Universal Network Objects (UNO) is the component model used in the OpenOffice.org and LibreOffice computer software application suites. It is interface-based and designed to offer interoperability between different programming languages, object models and machine architectures, on a single machine, within a LAN or over the Internet.

Users can implement or access UNO components from any programming language for which a language binding exists. Complete UNO language bindings exist for C++ (compiler-dependent), Java, Object REXX, Python, and Tcl. Bindings allowing access, but not writing, to components exist for StarOffice Basic, OLE Automation and the .NET Common Language Infrastructure. In particular, this API is used by macros.

Universal Network Objects operate within the UNO Runtime Environment (URE).

The Apache OpenOffice version of UNO is released under the terms Apache License (Version 2) as free and open source software.

UNO for function-calling 
Examples: an external program can export an ODT file as a PDF file, or import and convert a DOCX, calling LibreOffice by the UNO interface.  Another external program can access a cell and formulas from LibreOffice Calc file.

Application examples: Docvert, JODConverter, unoConv.

UNO for Add-Ons 
Programmers can write and integrate their own UNO components to OpenOffice/LibreOffice. Those components can be added to the LibreOffice menus and toolbars; they are called "Add-Ons".
The Add-Ons can extend the functionality of LibreOffice.

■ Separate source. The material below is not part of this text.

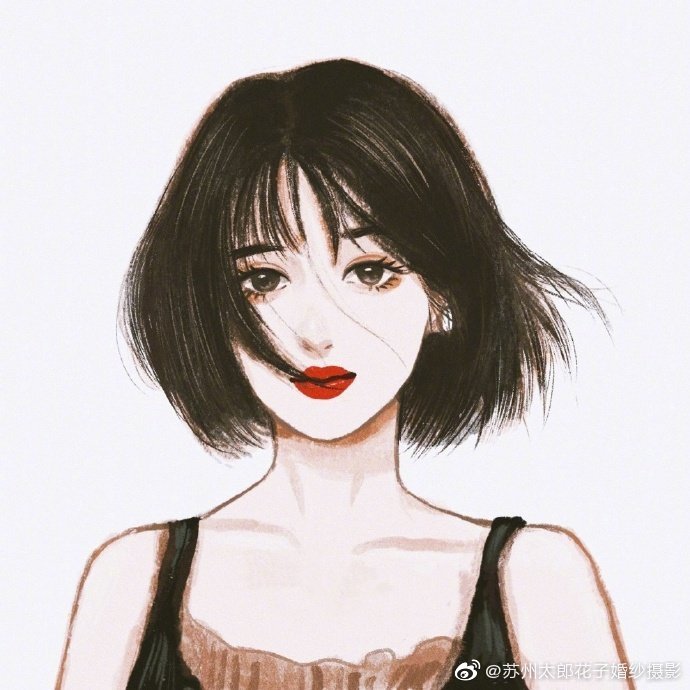 分享一组超好看的手绘女生头像cr 着声着声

The integration of new components is supported by some tools and services. The three main steps are as follows:

Register the new components within LibreOffice. This can be accomplished using the tool unopkg.
Integrate the new components as services. The ProtocolHandler and JobDispatch services assist you.
Change the user interface (menus or toolbars). This can be done almost automatically by writing an XML text file that describes the changes.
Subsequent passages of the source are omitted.